- Developer: Trickstar Games
- Publisher: 505 Games
- Platform: Microsoft Windows
- Release: WW: 22 November 2013;
- Genre: Sports
- Modes: Single-player, multiplayer

= Ashes Cricket 2013 =

2013 video game

Ashes Cricket 2013 was a cricket video game that was developed by Trickstar Games and published by 505 Games. The game was released on 22 November 2013 for Windows, exclusively via Steam, for a short period of time before it was removed from sale. Furthermore, on 28 November 2013 the publisher 505 Games formally announced that the game had been cancelled and that refunds were to be given to anyone who had purchased it on Steam.
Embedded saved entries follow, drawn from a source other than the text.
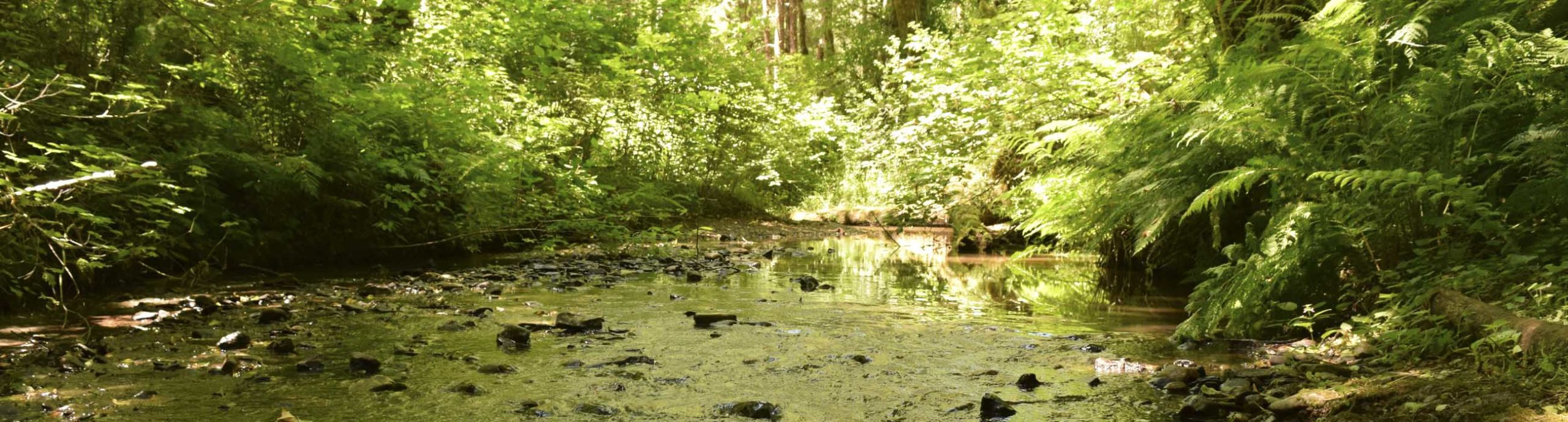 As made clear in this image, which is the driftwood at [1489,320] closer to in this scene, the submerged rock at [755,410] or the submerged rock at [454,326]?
the submerged rock at [755,410]

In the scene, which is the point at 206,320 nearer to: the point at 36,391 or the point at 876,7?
the point at 36,391

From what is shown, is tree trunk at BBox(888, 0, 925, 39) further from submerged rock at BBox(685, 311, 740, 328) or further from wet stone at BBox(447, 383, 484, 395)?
wet stone at BBox(447, 383, 484, 395)

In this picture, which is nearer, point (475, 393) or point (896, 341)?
point (475, 393)

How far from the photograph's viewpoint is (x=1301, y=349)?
14.4 feet

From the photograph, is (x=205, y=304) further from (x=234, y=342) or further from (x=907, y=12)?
(x=907, y=12)

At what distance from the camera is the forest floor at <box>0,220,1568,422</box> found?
334 cm

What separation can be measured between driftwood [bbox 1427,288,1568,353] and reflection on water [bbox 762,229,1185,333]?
178cm

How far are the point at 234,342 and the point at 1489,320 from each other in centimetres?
533

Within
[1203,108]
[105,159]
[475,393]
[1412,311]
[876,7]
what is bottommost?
[475,393]

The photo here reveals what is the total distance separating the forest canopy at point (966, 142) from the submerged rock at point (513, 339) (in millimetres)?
1890

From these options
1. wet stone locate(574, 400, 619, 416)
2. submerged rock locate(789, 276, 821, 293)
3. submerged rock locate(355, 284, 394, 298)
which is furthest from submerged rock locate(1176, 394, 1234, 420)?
submerged rock locate(355, 284, 394, 298)

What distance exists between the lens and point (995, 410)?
3414 mm

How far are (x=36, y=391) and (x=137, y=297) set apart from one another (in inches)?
108

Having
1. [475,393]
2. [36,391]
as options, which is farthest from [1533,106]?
[36,391] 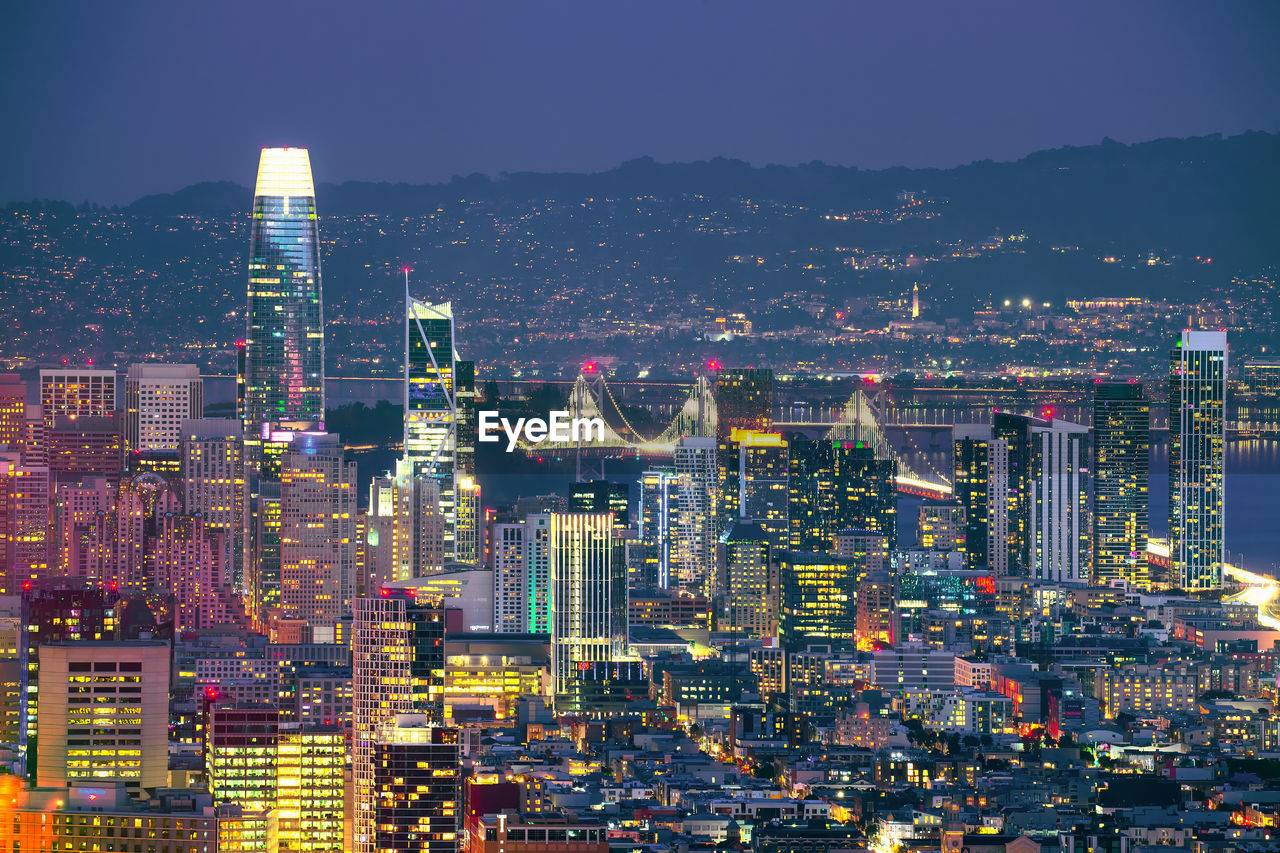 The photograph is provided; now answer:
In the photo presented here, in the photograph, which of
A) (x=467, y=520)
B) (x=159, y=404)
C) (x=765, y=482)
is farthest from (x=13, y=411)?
(x=765, y=482)

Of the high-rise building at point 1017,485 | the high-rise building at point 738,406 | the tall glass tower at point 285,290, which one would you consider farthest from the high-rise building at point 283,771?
the tall glass tower at point 285,290

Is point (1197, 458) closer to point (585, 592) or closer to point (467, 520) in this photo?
point (467, 520)

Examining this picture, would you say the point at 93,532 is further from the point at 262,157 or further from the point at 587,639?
the point at 262,157

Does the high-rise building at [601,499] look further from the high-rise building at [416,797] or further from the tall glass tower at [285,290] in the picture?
the high-rise building at [416,797]

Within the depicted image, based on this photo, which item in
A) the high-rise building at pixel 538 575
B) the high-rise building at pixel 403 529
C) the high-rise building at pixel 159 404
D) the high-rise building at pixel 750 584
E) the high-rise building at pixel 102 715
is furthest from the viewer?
the high-rise building at pixel 159 404

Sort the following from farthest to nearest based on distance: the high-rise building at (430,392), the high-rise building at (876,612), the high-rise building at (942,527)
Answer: the high-rise building at (430,392)
the high-rise building at (942,527)
the high-rise building at (876,612)

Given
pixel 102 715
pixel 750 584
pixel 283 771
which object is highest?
pixel 102 715

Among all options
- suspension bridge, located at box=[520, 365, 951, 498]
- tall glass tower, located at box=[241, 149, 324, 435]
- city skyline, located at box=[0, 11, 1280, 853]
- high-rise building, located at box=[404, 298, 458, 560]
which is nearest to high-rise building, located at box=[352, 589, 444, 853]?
city skyline, located at box=[0, 11, 1280, 853]

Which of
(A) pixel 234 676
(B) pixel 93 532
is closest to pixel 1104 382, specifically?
(B) pixel 93 532

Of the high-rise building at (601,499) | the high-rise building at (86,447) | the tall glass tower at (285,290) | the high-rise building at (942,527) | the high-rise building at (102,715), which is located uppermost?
the tall glass tower at (285,290) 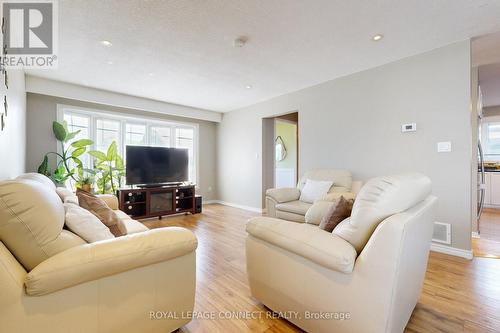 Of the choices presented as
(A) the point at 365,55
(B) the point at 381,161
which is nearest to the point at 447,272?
(B) the point at 381,161

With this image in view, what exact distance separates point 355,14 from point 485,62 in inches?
101

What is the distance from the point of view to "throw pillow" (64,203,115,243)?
1.18 meters

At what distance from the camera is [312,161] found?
3.94 meters

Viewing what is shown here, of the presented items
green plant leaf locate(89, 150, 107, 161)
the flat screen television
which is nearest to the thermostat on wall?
the flat screen television

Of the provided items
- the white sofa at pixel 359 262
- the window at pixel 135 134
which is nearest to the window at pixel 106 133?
the window at pixel 135 134

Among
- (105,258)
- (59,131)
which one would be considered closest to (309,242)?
(105,258)

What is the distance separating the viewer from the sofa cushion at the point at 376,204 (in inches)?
42.4

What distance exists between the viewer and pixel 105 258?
1020 millimetres

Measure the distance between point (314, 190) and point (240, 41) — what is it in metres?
2.15

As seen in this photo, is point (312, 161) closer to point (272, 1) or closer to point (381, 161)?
point (381, 161)

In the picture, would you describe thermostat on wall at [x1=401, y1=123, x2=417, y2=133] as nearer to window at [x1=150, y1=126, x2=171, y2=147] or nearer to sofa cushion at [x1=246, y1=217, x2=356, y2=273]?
sofa cushion at [x1=246, y1=217, x2=356, y2=273]

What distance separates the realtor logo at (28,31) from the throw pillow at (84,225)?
1.45m

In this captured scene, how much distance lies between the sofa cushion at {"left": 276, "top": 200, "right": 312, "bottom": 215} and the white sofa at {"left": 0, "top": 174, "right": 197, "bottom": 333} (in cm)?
192

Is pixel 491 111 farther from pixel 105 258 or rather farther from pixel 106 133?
pixel 106 133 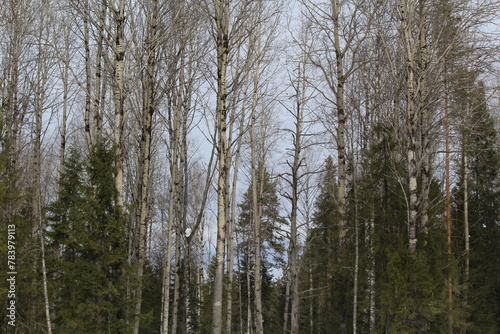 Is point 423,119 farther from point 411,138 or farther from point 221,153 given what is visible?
point 221,153

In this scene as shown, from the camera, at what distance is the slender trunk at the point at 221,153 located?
755 centimetres

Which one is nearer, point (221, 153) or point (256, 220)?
point (221, 153)

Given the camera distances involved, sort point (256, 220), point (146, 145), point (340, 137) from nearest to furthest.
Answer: point (146, 145)
point (340, 137)
point (256, 220)

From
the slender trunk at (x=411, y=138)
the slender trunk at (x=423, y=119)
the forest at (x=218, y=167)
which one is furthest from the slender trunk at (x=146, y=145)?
the slender trunk at (x=423, y=119)

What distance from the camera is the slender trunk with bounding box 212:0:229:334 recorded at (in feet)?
24.8

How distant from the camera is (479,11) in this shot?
805 centimetres

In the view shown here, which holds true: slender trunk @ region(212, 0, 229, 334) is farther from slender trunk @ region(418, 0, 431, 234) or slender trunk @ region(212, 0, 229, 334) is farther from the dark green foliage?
slender trunk @ region(418, 0, 431, 234)

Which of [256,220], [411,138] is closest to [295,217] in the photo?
[256,220]

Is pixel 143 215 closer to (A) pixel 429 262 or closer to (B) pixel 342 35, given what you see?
(A) pixel 429 262

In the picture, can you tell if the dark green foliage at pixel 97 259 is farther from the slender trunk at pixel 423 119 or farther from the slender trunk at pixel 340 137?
the slender trunk at pixel 423 119

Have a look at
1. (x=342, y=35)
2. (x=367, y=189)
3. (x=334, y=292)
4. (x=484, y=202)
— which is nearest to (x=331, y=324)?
(x=334, y=292)

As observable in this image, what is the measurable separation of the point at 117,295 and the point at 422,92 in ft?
23.3

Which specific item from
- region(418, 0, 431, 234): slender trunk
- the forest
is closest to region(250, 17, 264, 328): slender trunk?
the forest

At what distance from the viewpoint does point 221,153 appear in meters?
7.98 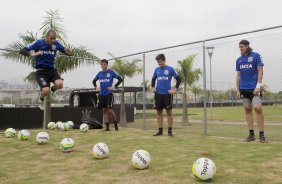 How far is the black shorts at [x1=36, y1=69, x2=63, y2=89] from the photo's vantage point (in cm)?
787

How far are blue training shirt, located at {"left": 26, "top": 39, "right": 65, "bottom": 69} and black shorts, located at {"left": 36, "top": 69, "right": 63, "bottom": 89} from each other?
0.39 feet

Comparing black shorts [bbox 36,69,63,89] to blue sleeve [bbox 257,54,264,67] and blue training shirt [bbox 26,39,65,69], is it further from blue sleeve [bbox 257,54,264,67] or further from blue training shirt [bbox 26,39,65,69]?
blue sleeve [bbox 257,54,264,67]

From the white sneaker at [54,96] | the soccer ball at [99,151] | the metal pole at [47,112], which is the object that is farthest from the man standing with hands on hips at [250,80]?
the white sneaker at [54,96]

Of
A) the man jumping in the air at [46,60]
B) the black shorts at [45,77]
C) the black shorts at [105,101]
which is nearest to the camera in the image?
the man jumping in the air at [46,60]

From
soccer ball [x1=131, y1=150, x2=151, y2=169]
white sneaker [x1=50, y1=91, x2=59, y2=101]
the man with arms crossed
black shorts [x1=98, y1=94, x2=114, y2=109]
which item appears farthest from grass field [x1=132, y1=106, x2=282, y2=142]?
soccer ball [x1=131, y1=150, x2=151, y2=169]

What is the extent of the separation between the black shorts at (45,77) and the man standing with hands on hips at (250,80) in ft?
15.1

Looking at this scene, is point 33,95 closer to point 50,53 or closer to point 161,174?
point 50,53

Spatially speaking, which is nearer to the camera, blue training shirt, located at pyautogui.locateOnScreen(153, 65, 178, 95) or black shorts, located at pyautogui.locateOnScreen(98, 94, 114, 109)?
blue training shirt, located at pyautogui.locateOnScreen(153, 65, 178, 95)

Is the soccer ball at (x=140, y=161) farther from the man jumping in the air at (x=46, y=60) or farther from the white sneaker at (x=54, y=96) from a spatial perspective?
the white sneaker at (x=54, y=96)

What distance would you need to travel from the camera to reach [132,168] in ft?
15.5

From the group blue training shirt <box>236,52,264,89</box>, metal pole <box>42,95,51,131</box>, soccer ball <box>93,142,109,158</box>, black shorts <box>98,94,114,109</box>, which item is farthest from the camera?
metal pole <box>42,95,51,131</box>

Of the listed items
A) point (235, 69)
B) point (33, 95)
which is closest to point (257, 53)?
point (235, 69)

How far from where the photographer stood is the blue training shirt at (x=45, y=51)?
308 inches

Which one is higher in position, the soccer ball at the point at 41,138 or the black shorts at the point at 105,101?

Ashes 2013 featured the official licensed Australian and English cricket teams, as well as 14 unlicensed national teams. The Xbox 360, PlayStation 3, Wii U, and retail PC releases were all cancelled following the game's troubled development and brief launch on Steam.

==Features==
The game featured the 2013 Ashes cricket event series. It also planned for an improved fielding editor with up to 60 fielding options. There was also a plan for a new-look batting system which allows for a larger variety of shots. Weather and pitch conditions would also affect bowling styles. Match commentary is provided by Mark Nicholas, David Lloyd and Michael Slater.

==Development==
Trickstar Games was developing a new gaming system built upon the beta version of Unity Engine to provide better gameplay in batting, bowling, and fielding. The game was originally to be released on 21 June 2013, however the release date was moved back to July 2013. With a release date still not specified, there were concerns that the game would not even make the revised July release. 505 Games then confirmed the game was being further delayed from a November 2013 release due to quality concerns, stating it is "simply not worthy of the Ashes name", despite the fact that the new release date missed the opening of the real-life Ashes series in Australia.

In that time, Mike Fegan of Trickstar Games had promised regular updates. He started a weekly video diary on the official Ashes Cricket 2013 Facebook page, but the flow of updates dried up over time and information about the game ceased.

The game was eventually released on Steam on 22 November 2013.

==Reception==
The game received negative reviews from critics, cricket fans and the media, and there were several videos on YouTube featuring extensive bugs. The Ashes Cricket 2013 Facebook page has since been deleted, and the Twitter feed has remained inactive since July 2013.

Four days later after its release, it was removed from sale. It was finally announced on 28 November that all production of the game had been cancelled, along with plans to release console versions of the game, and that all people who purchased the game would receive a full refund. The publisher 505 Games apologized to the game's users and turned its attention to "protecting the Ashes name and that of the ECB and Cricket Australia".

It is widely featured as one of the worst games of 2013.